Activity:
Write out only the lines from the top of the listing below through the one with "Two coworkers smiling", exactly as they stand, while keeping pictures out of the copy.

Dataset extract:
━━━━━━━━━━━━━━━━━━━━
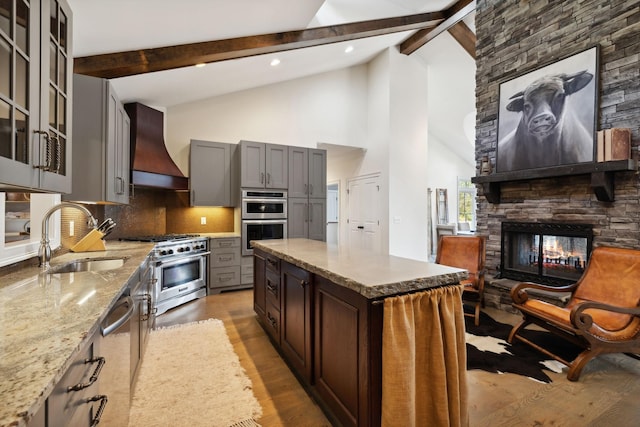 kitchen featuring sink, stainless steel appliances, beamed ceiling, backsplash, and custom range hood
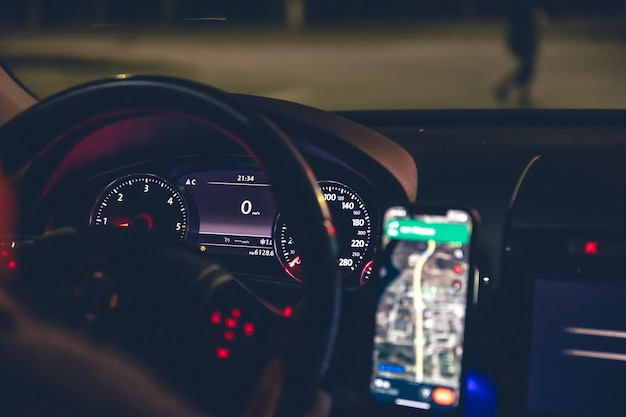 Closeup steering wheel and navigator in a car at night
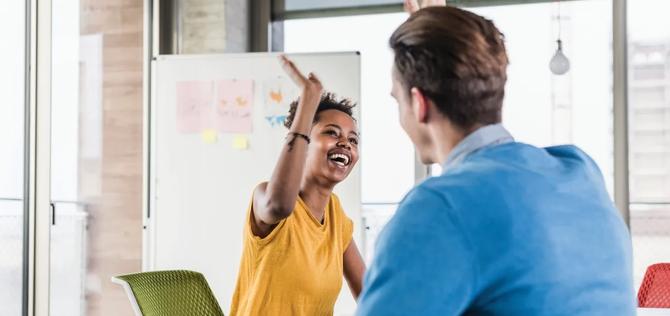 Two coworkers smiling and high fiving during a meeting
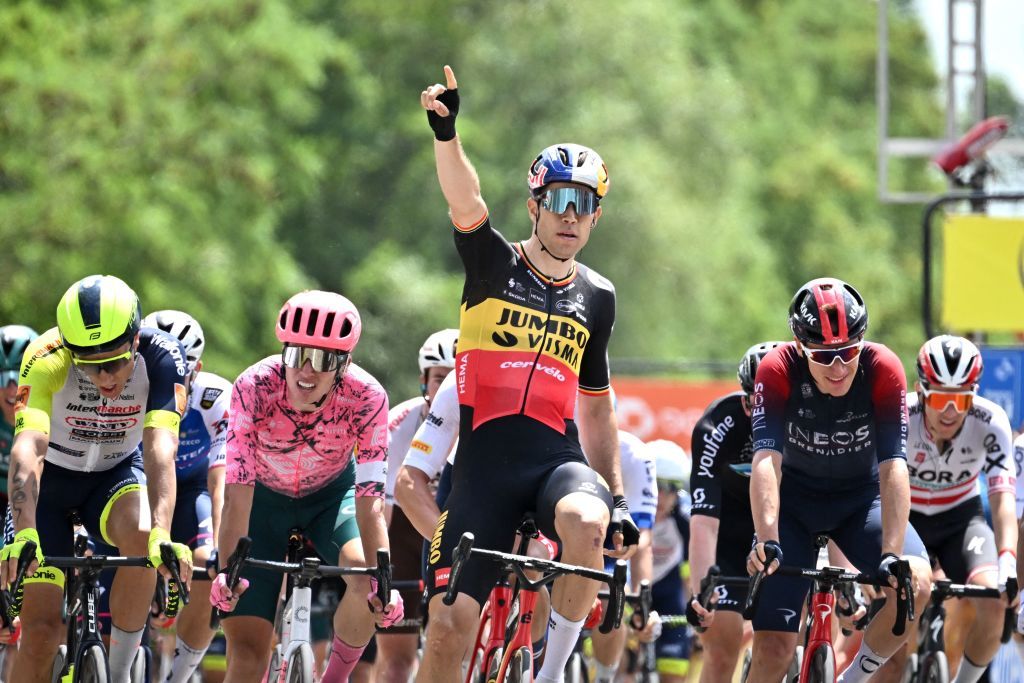 JumboVisma teams Belgian rider Wout Van Aert celebrates as he crosses the finish line and wins the first stage of the 74th edition of the Criterium du Dauphine cycling race 192 km between La VoultesurRhone and Beauchastel on June 5 2022 Photo by Marco BERTORELLO AFP Photo by MARCO BERTORELLOAFP via Getty Images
━━━━━━━━━━━━━━━━━━━━
Output for this task:
 kitchen featuring sink, stainless steel appliances, beamed ceiling, backsplash, and custom range hood
 Closeup steering wheel and navigator in a car at night
 Two coworkers smiling and high fiving during a meeting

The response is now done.